**Dataset content**
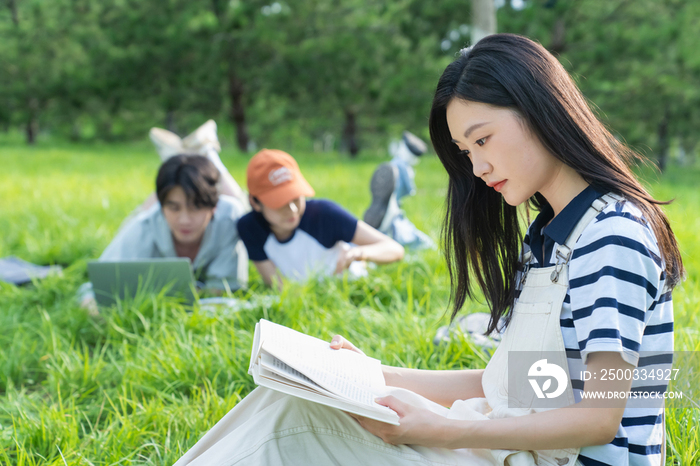 大学生在校园里看书学习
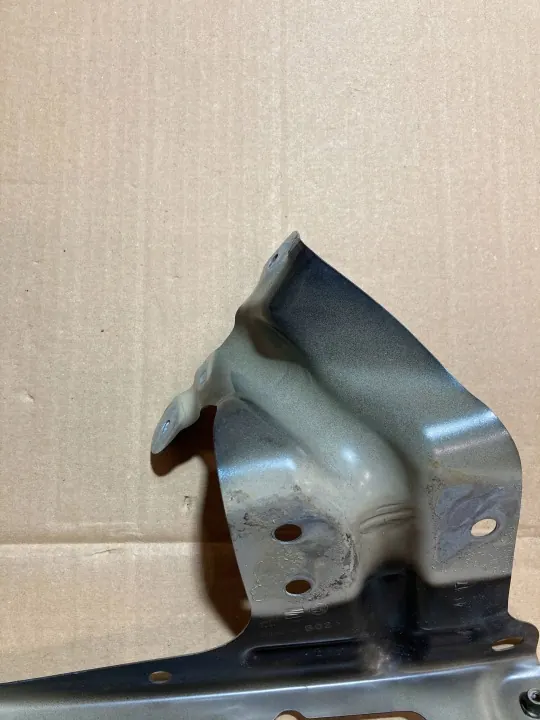 SEAT ATECA Stänkskärmsfäste OEM 575821167 Vänster Fram image 7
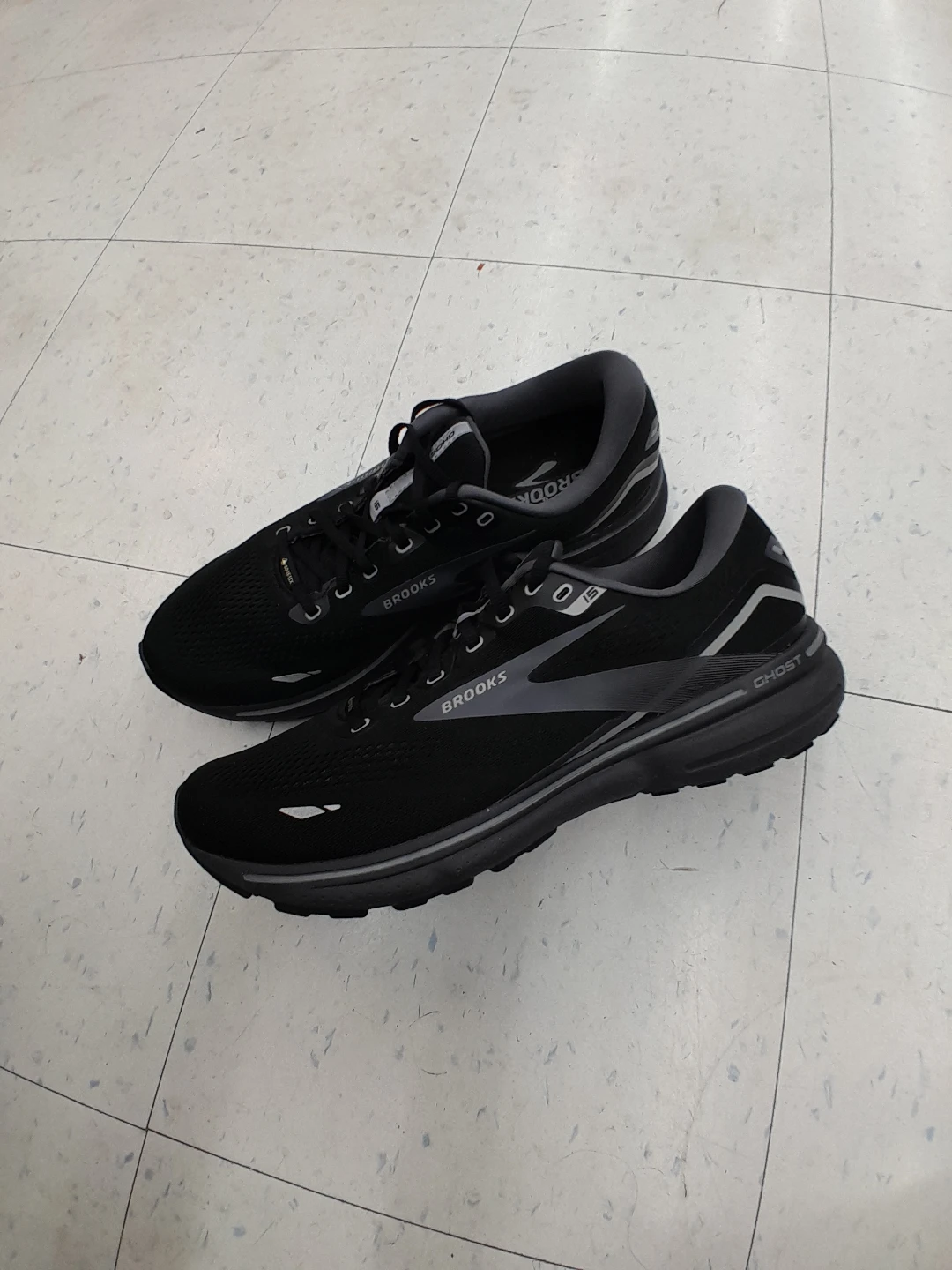 Brooks Ghost Running Shoes Men's Size 12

**What you should do**
Return the material word for word, images omitted.

**Exercise answer**
 大学生在校园里看书学习
 SEAT ATECA Stänkskärmsfäste OEM 575821167 Vänster Fram image 7
 Brooks Ghost Running Shoes Men's Size 12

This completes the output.